South Africa’s inflation rate declined to a two-month low, according to data released by Statistics South Africa.

Consumer prices rose by 5.3% year-on-year, down from 5.6% in February. While this decline may initially suggest a positive trend, analysts caution against premature optimism due to various economic factors at play.

The weakening of the South African rand against the dollar, coupled with drought conditions affecting staple crops like white corn and geopolitical tensions in the Middle East leading to rising oil prices, poses significant challenges.

These factors are expected to keep inflation relatively high and stubborn in the coming months, making policymakers hesitant to adjust borrowing costs.

Lesetja Kganyago, Governor of the South African Reserve Bank, reiterated the bank’s cautious stance on inflation pressures.

Despite the recent easing, inflation has consistently remained above the midpoint of the central bank’s target range of 3-6% since May 2021. Consequently, the bank has maintained the benchmark interest rate at 8.25% for nearly a year, aiming to anchor inflation expectations.

While some traders speculate on potential interest rate hikes, forward-rate agreements indicate a low likelihood of such a move at the upcoming monetary policy committee meeting.
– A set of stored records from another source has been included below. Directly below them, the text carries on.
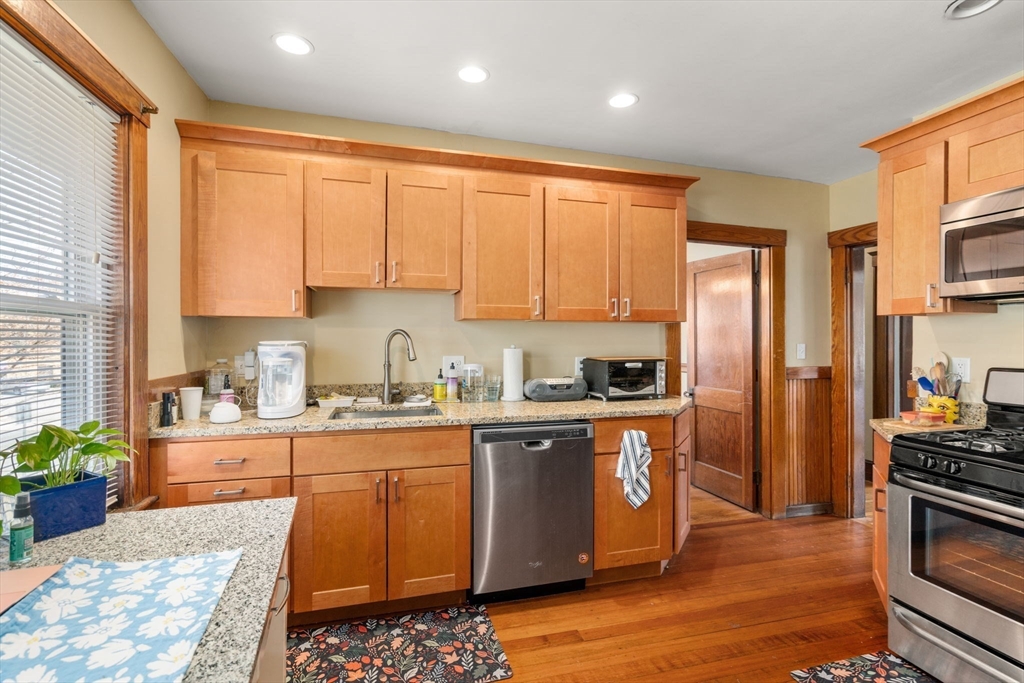 204 School St, Watertown, MA Photo #11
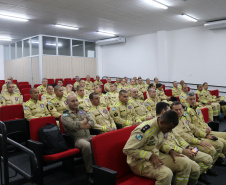 Quarenta bombeiros iniciam curso para guarda-vidas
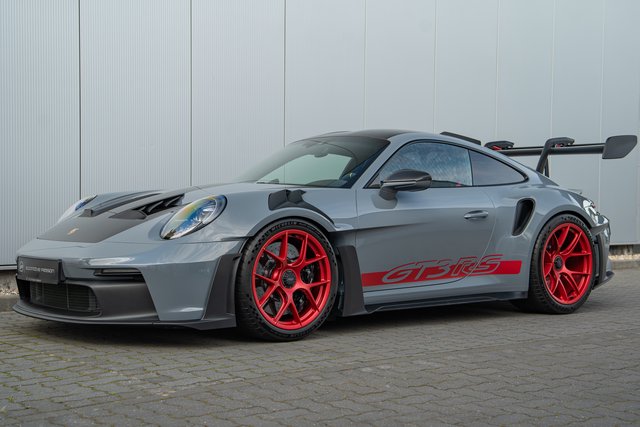 Porsche 911/992 GT3 RS  Weissach PCCB Lift MatrixLED 90l Gebrauchtwagen Kaufen | EZ 06/2024 | Preis 359.890 €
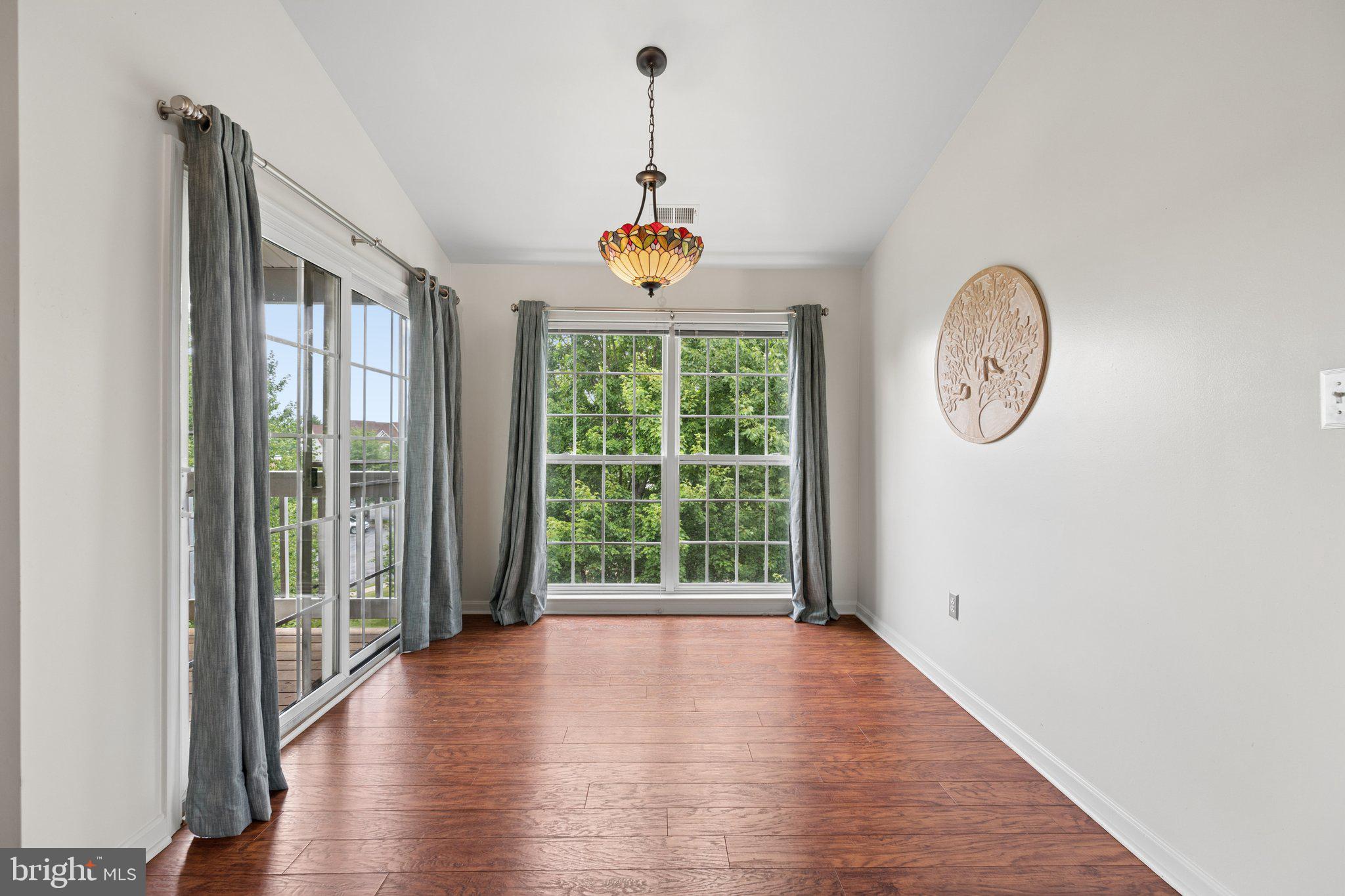 ECHO GLEN - Residential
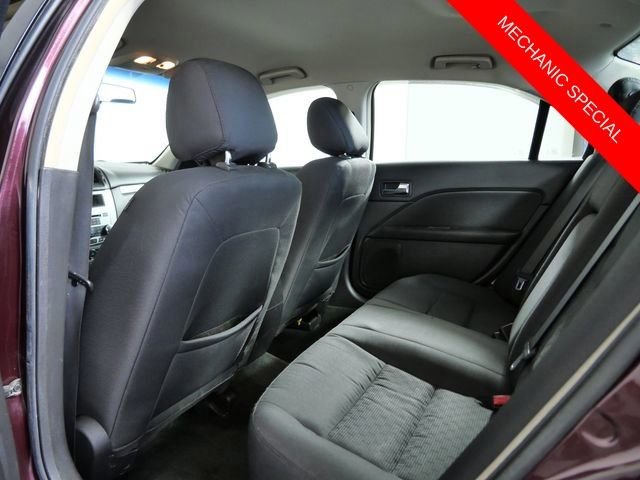 Used 2012 Red Ford SE image 13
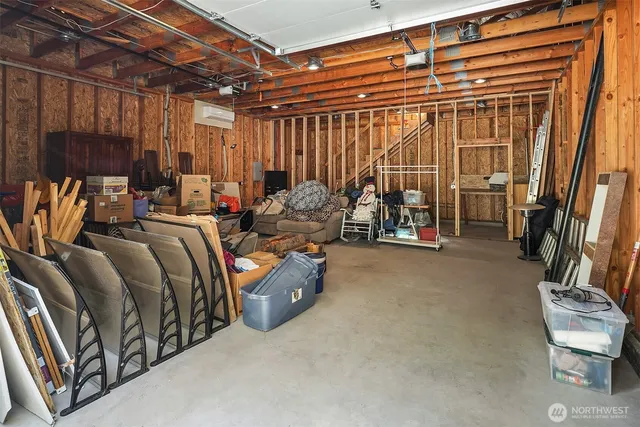 $897,500 | 411 West Alaska Avenue, Roslyn, WA 98941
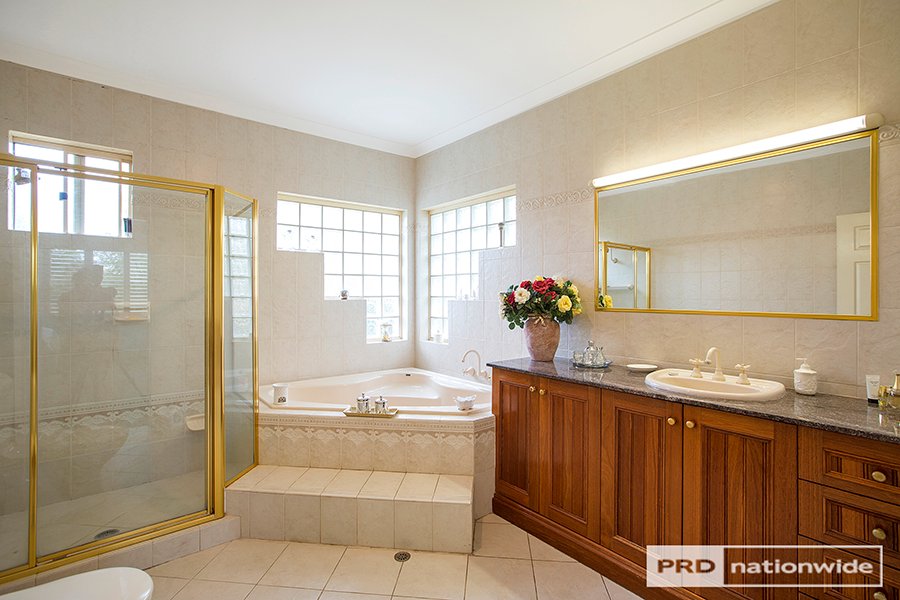 9 Kilpa Place TAMWORTH 16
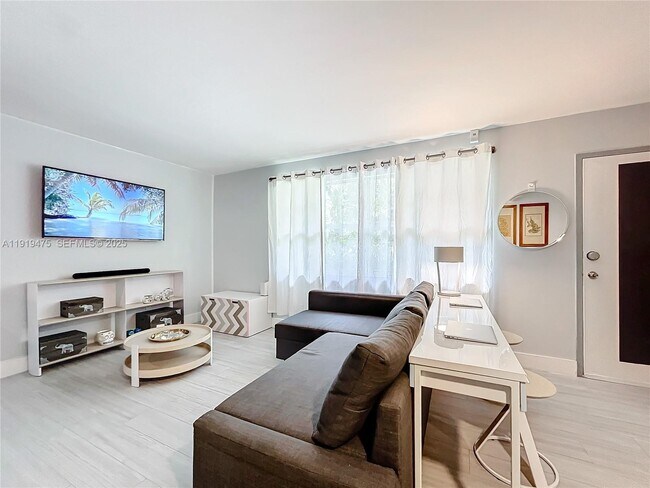 Foto del edificio - 651 NE 60th St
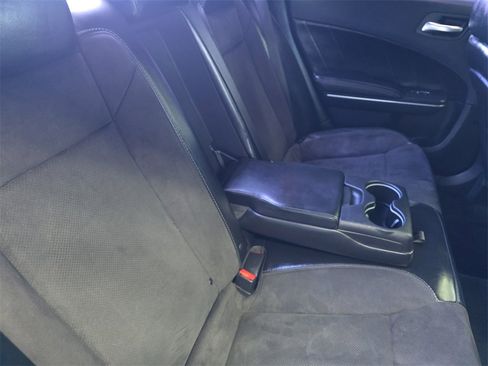 Used 2017 Dodge Charger R/T Scat Pack w/ Technology Group image 19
The yield on 10-year bonds also saw a marginal decline following the release of the inflation data.

March’s inflation decline was mainly attributed to lower prices in miscellaneous goods and services, education, health, and housing and utilities.

However, core inflation, which excludes volatile food and energy costs, remained relatively steady at 4.9%.

Overall, South Africa’s inflation trajectory underscores the delicate balance between economic recovery and inflation containment amid ongoing global uncertainties.